- Opening Delimiter -
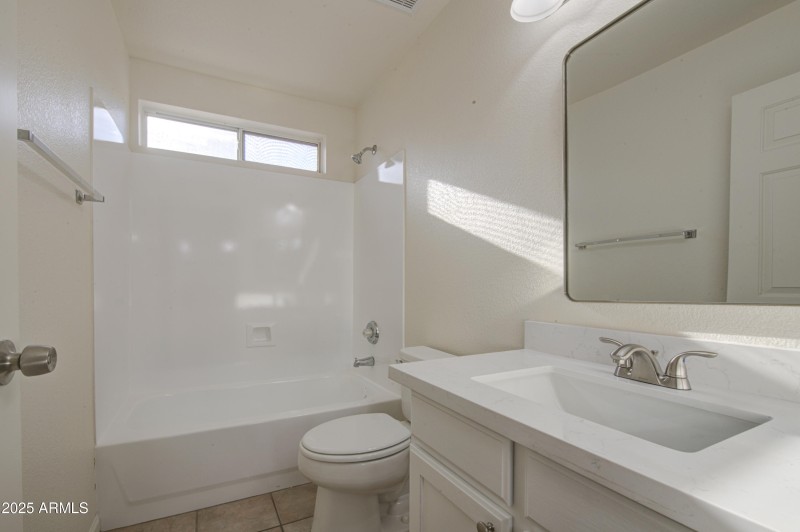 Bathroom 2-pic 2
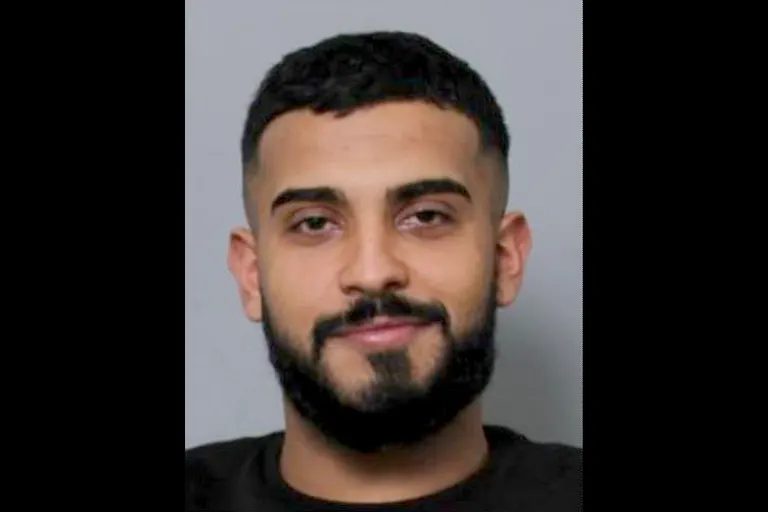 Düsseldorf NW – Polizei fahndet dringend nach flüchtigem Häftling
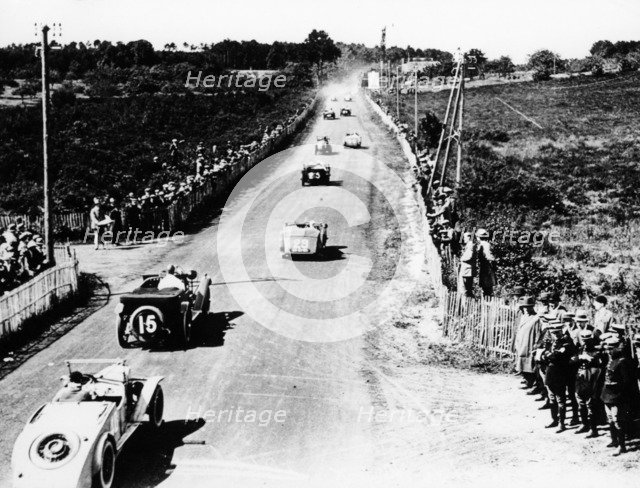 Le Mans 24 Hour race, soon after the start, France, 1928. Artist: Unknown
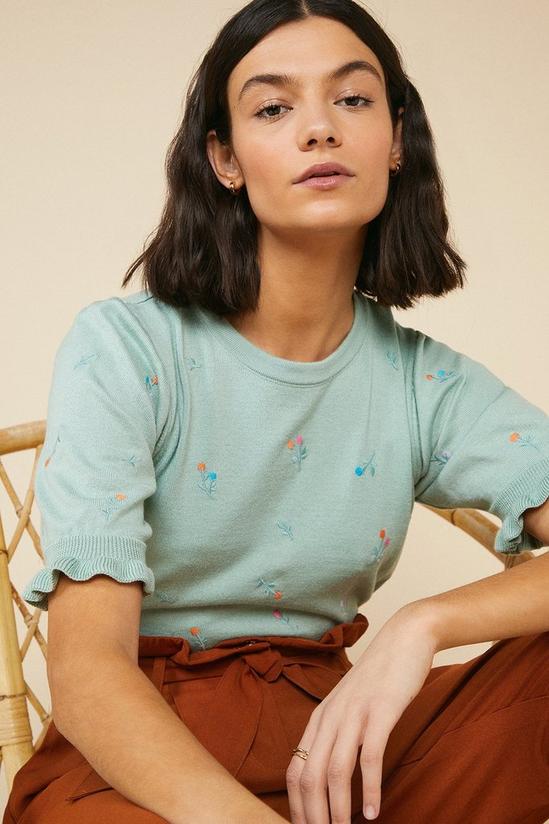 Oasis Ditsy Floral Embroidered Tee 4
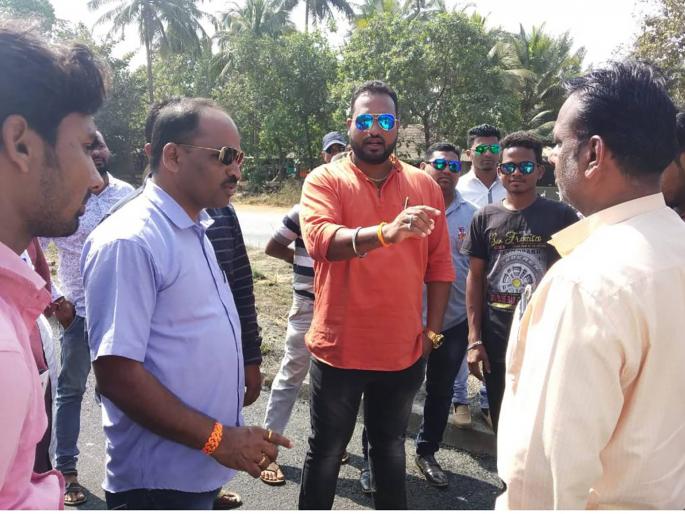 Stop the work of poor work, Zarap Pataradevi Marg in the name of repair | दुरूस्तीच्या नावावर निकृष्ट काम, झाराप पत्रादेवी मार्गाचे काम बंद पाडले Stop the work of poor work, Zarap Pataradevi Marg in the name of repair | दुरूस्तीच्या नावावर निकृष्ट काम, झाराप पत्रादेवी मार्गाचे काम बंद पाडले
- Closing Delimiter -
*Aim of the task:* From the first line to the last, return the material above exactly, apart from the pictures.

*Answer to this exercise:*
 Bathroom 2-pic 2
 Düsseldorf NW – Polizei fahndet dringend nach flüchtigem Häftling
 Le Mans 24 Hour race, soon after the start, France, 1928. Artist: Unknown
 Oasis Ditsy Floral Embroidered Tee 4
 Stop the work of poor work, Zarap Pataradevi Marg in the name of repair | दुरूस्तीच्या नावावर निकृष्ट काम, झाराप पत्रादेवी मार्गाचे काम बंद पाडले Stop the work of poor work, Zarap Pataradevi Marg in the name of repair | दुरूस्तीच्या नावावर निकृष्ट काम, झाराप पत्रादेवी मार्गाचे काम बंद पाडले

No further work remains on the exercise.